I am an artist . There were a lot of interesting trips, events and activities in my life.
My service in the project is to peel and cut vegetables for the chef, who later prepares the meals. I don’t feel any difficulties, because every time I go there, it feels like I’m coming home: association with close-minded people, working together… It’s like meeting a family. There are a lot of interesting topics to discuss, while doing a good deed
I’m feeling empty on my days off and missing the fulfilment, that I’m getting from participating in the Food for Life Kyiv.
Because even if I come here tired, it is here that I am filled with positive energy, as if I come alive and soar in spirit. I feel great support here. This feeling of fulfillment inspires me to come and help people.
Here I feel that my work, however small, is needed. That I don’t just live like that. That I have the opportunity to help people and make this world a better place.
And I am also supported and inspired by the volunteers themselves, who are doing everything possible for the project to exist, so we can feed people every day. Many of them went to hot spots and distributed lunches there. I admire such people and their selflessness.
I want something more in this life… not only “home-work-kitchen-toilet”. So I think, were my relatives who are no longer alive happy?

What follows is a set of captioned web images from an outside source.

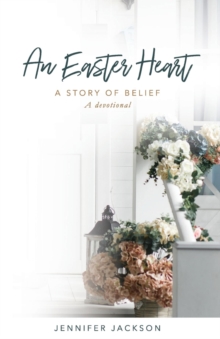 An Easter Heart : the Story of Belief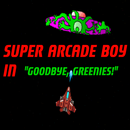 Super Arcade Boy in Goodbye Greenies APK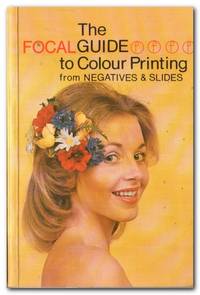 The Focal Guide To Colour Printing From Negatives And Slides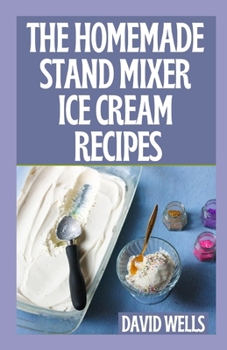 Paperback The Perfect Guide To Homemade Stand Mixer Ice Cream Recipes Book
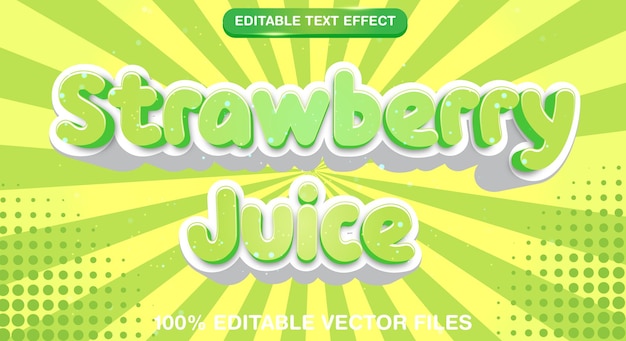 Strawberry juice editable text effect with fresh fruit theme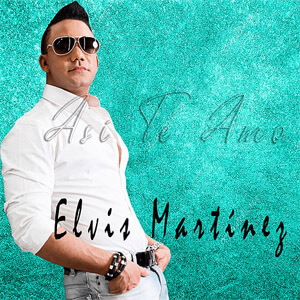 Álbum Así Te Amo  de Elvis Martínez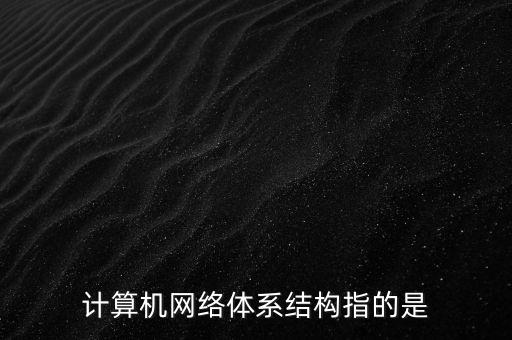 計(jì)算機(jī)網(wǎng)絡(luò)體系結(jié)構(gòu)指的是
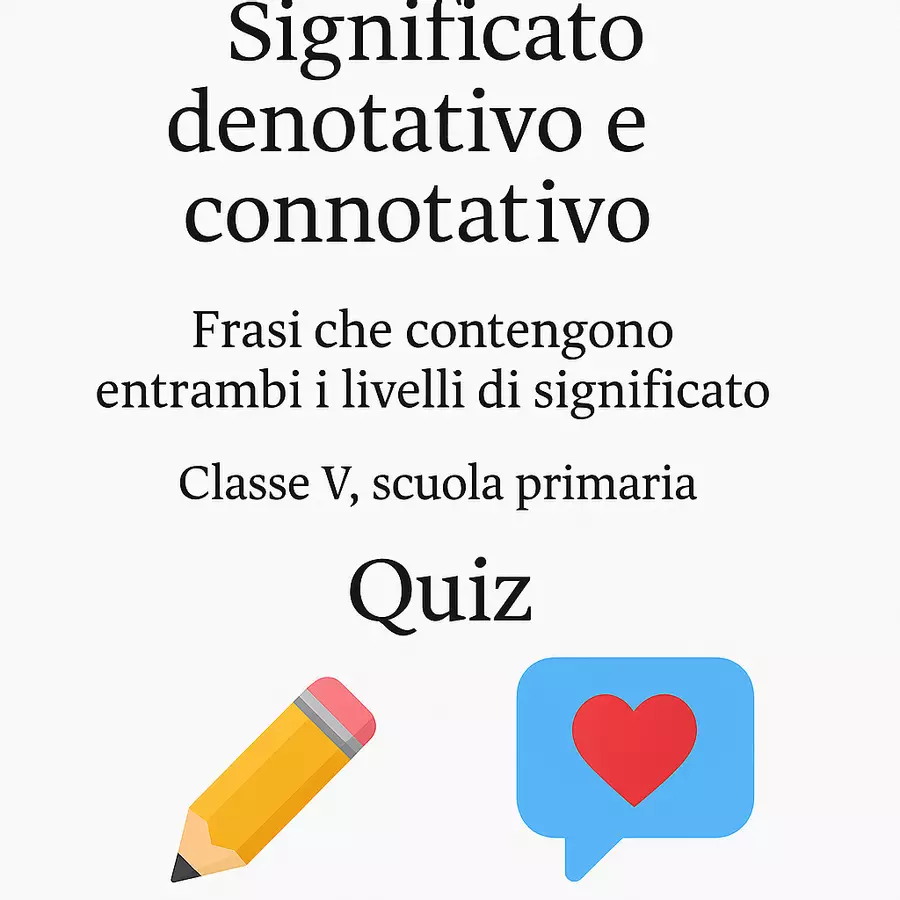 Significato denotativo e connotativo in frasi Quiz - Significato denotativo e connotativo in frasi - Maestra di Italiano - Pagina di copertina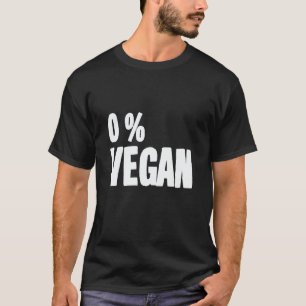 0 Percent Vegan Smoker Grill Barbecue Meat Grillin T-Shirt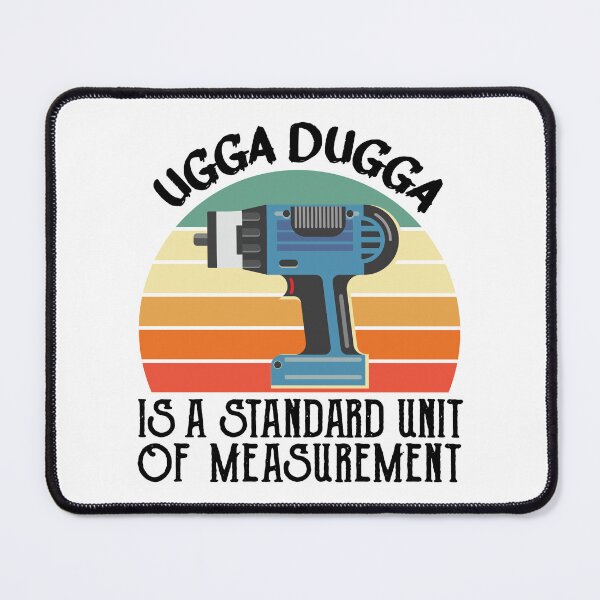 Item preview, Ugga Dugga is a Standard of Measurement for Impactor designed and sold by alltheprints.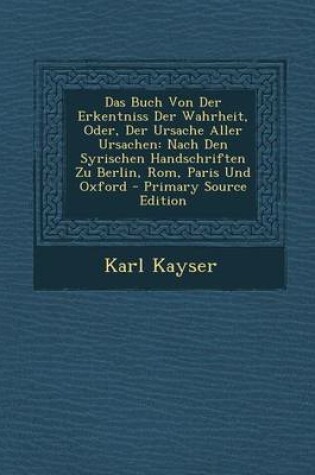 Cover of Das Buch Von Der Erkentniss Der Wahrheit, Oder, Der Ursache Aller Ursachen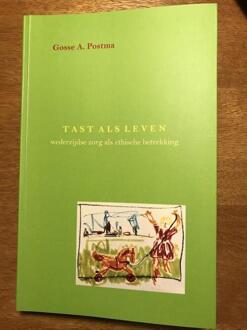 Tast als leven + Voorwoord Naud van der Ven - Boek Gosse A. Postma (9081878123)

What did they usefully do? What did they do to make the world a better place? They thought only about work, family problems, diseases. And then death came and that’s all…
I don’t want to live like this. I want something more. Let my life outwardly look the same: home, work, diseases and death… But I will feel happier, because I live a little in another world – in my small world contained in a huge universe.
Yes, sometimes I’m in a bad mood, something doesn’t work out, I got off on the wrong foot, but I know that when I come here, I’ll feel better right away. When you help others, you feel that God needs you. You fulfill his request and feel like a small but necessary part of something big and integral.